▸ **DATASET EXCERPT**:
===
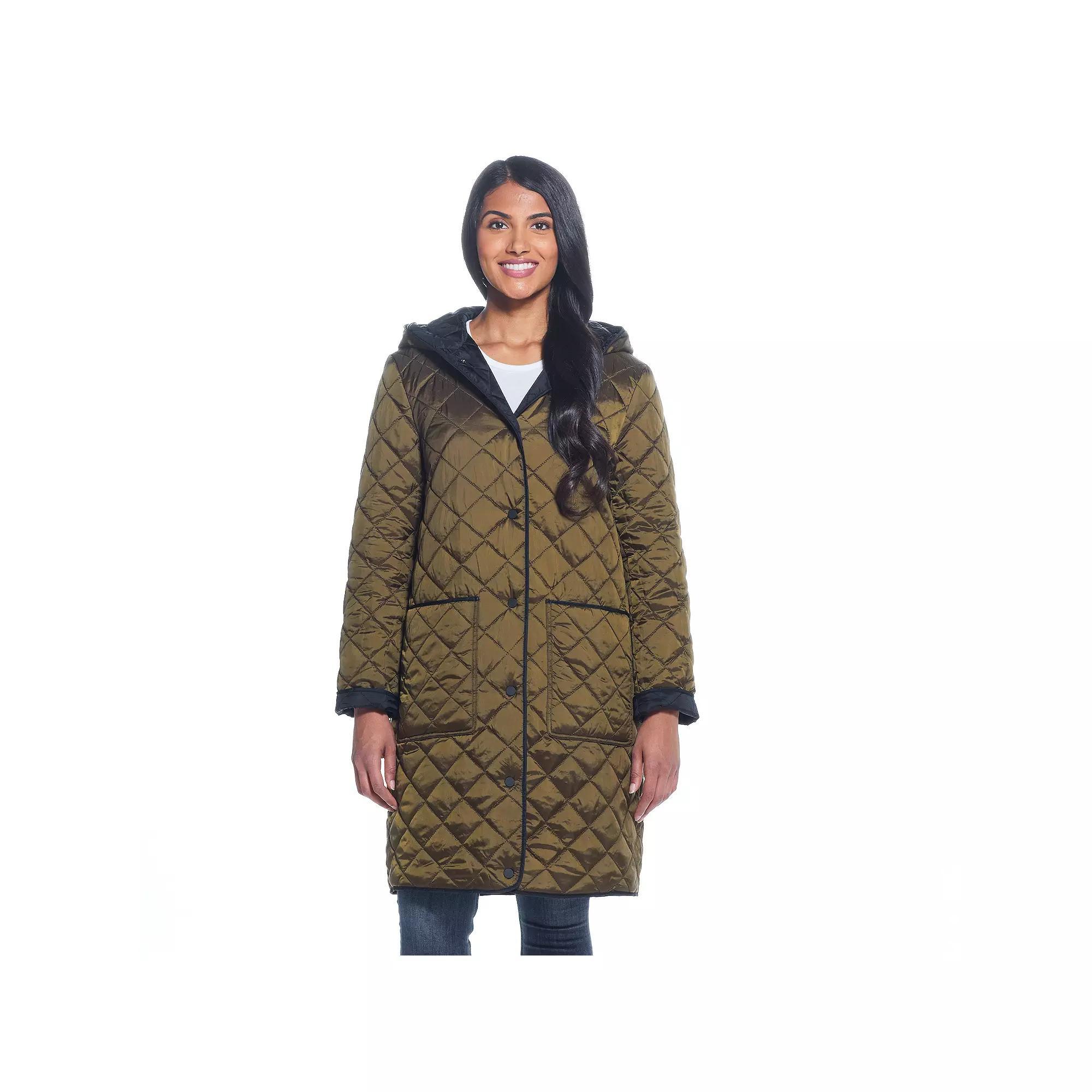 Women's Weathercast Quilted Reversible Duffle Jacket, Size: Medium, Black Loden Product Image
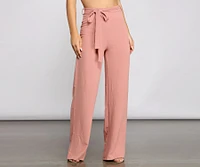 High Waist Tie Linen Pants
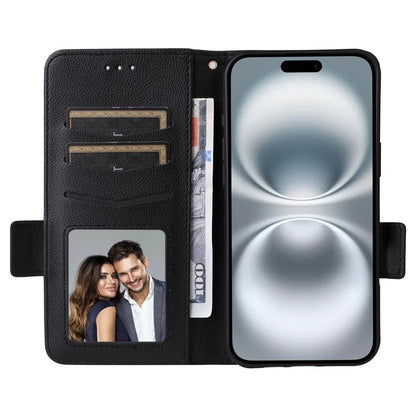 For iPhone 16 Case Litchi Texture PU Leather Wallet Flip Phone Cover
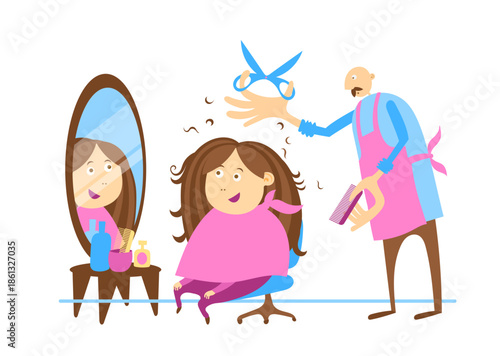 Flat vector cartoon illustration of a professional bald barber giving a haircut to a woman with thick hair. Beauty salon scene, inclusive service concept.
===
What you need to retype is every line from the one that has "High Waist Tie Linen Pants" through the last line of the listing, both included, with the pictures left out.

 High Waist Tie Linen Pants
 For iPhone 16 Case Litchi Texture PU Leather Wallet Flip Phone Cover
 Flat vector cartoon illustration of a professional bald barber giving a haircut to a woman with thick hair. Beauty salon scene, inclusive service concept.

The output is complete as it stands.